YOUR GOAL: Starting at the line with "天津市第三中学2021届高三" and stopping at the final line, retype the data below exactly; do not carry over any pictures.

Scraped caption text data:
◆ ◆ ◆ ◆
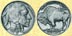 Buffalo Nickels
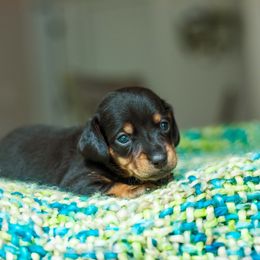 Dachshund Puppies from Beyond the Tail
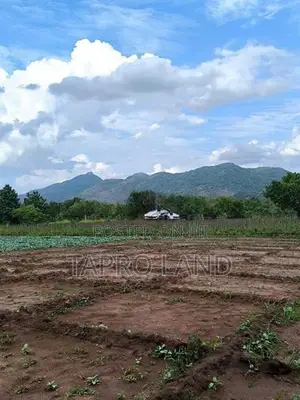 Prime Agro Land for Sale in Matale Dambulla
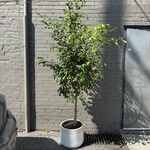 Ficus Benjamina Standard 14"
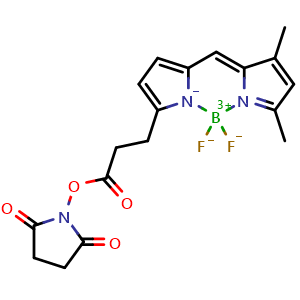 BODIPY-FL NHS ester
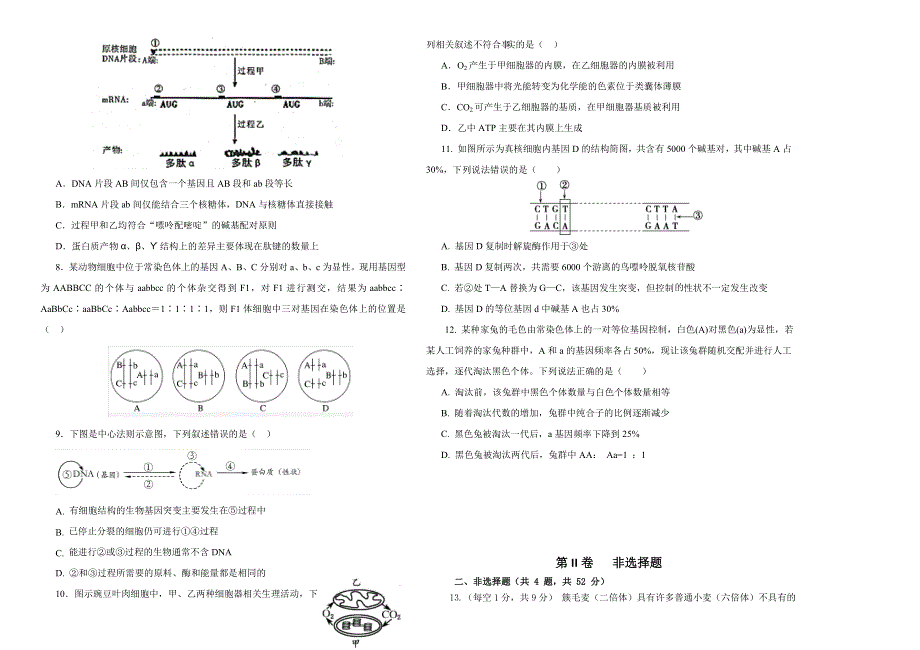 天津市第三中学2021届高三上学期12月月考生物试题 WORD版含答案.doc_第2页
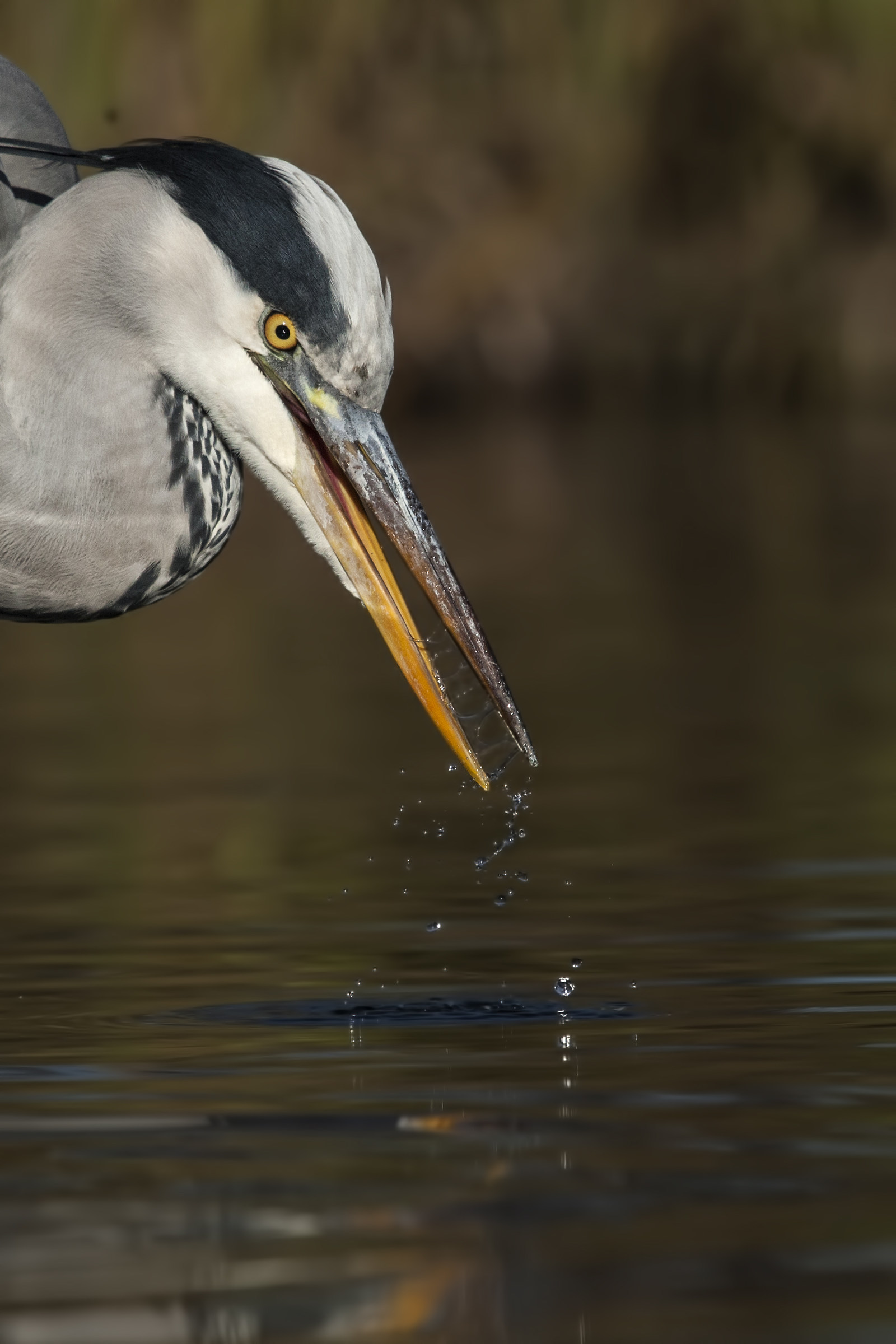 Gray Heron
◆ ◆ ◆ ◆
EXERCISE ANSWER:
 天津市第三中学2021届高三上学期12月月考生物试题 WORD版含答案.doc_第2页
 Gray Heron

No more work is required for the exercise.